In the same skillet add 1 tbsp oil and toast the coconut and onions 4-5 minutes, stirring constantly to prevent burning. Cook until the coconut begins to dry and turn a light golden brown.
Cool all the roasted ingredients and grind to a smooth paste thats free of any fibre or lumps.
Heat 2 tbsp vegetable oil in the skillet. Add remaining Onions and green chilli and saute until just softened. Do not brown.
Add the ground paste, turmeric and stir well. Add 2 cups of water and tamarind concentrate and cook for 5 minutes on a slow flame. Add the fish and continue to cook until fish is cooked through. This is a whole fish so it takes longer to cook than filets. If the fish is not immersed in gravy you may have to turn it over to ensure its cooked through.

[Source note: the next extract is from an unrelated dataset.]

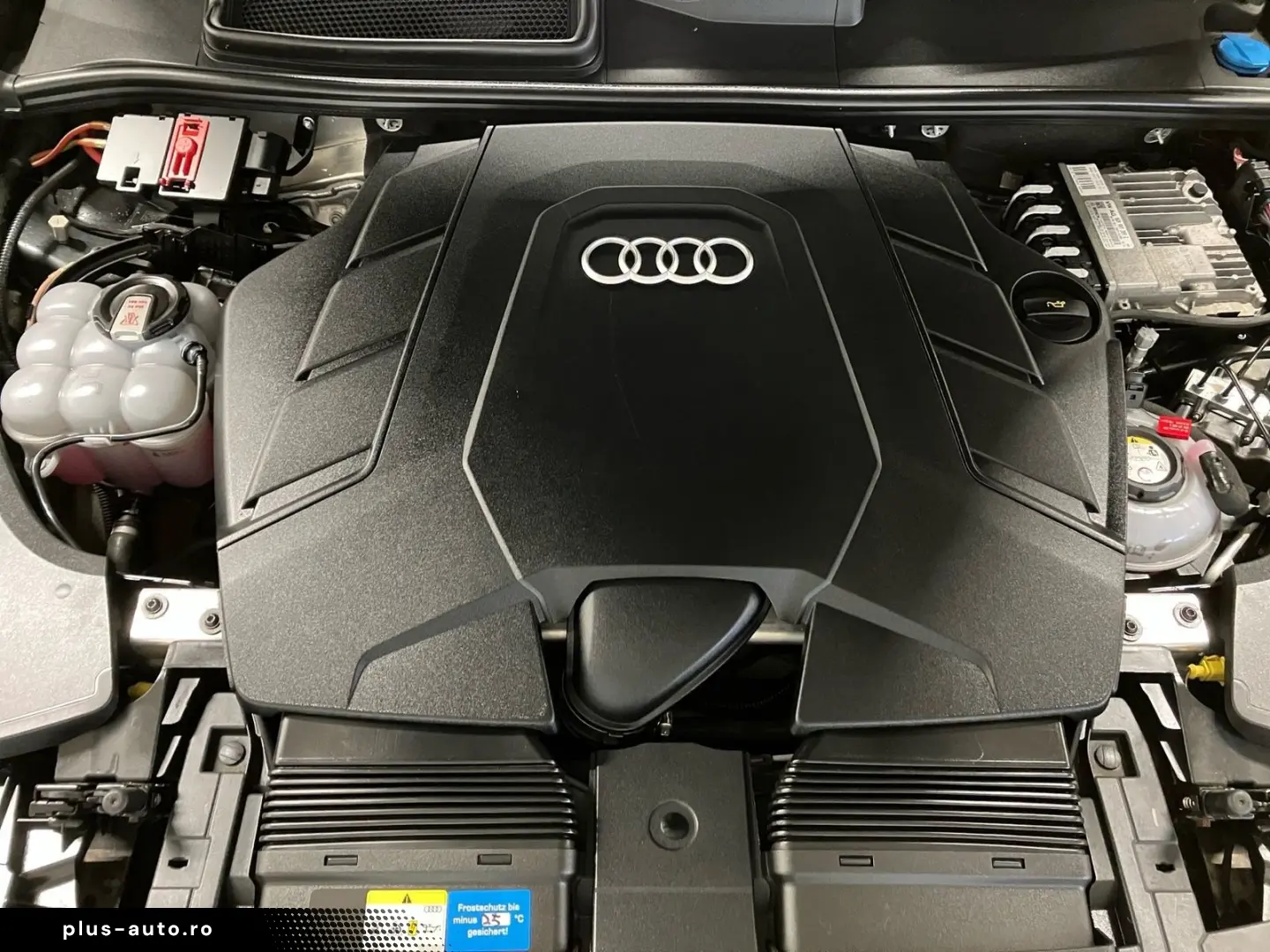 AUDI Q8 S-LINE QUATTRO 55TFSIe 380PS.MATRIX.NAVI.AHK.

Adjust salt, jaggery, red chilli powder and more tamarind concentrate to suit your taste. This curry is mildly spicy, sour and bitter with a hint of sweetness that should come from the coconut but if it isnt enough add a little jaggery.
Serve hot with boiled white rice and wedges of lime. Garnish with fresh coriander. The vegan version with sour mango is not garnished with coriander leaves and is always served with Basmati. You can use any medium-grain white rice for the seafood version.
RED KARWARI CHUTNEY
This chutney with raw onion garnish is served with everything from thalipeeth, puri bhaji to dosas and poles.
Makes about ¾ cup
4 long dried red Byadgi or Kashmiri chillies, stalks and seeds removed
1 cup grated fresh; or frozen, defrosted, unsweetened coconut
½ tsp salt
1½ tsp tamarind paste
1 tbsp very finely chopped red onion
Toast the red chillies in a dry pan for 2-3 minutes on low heat.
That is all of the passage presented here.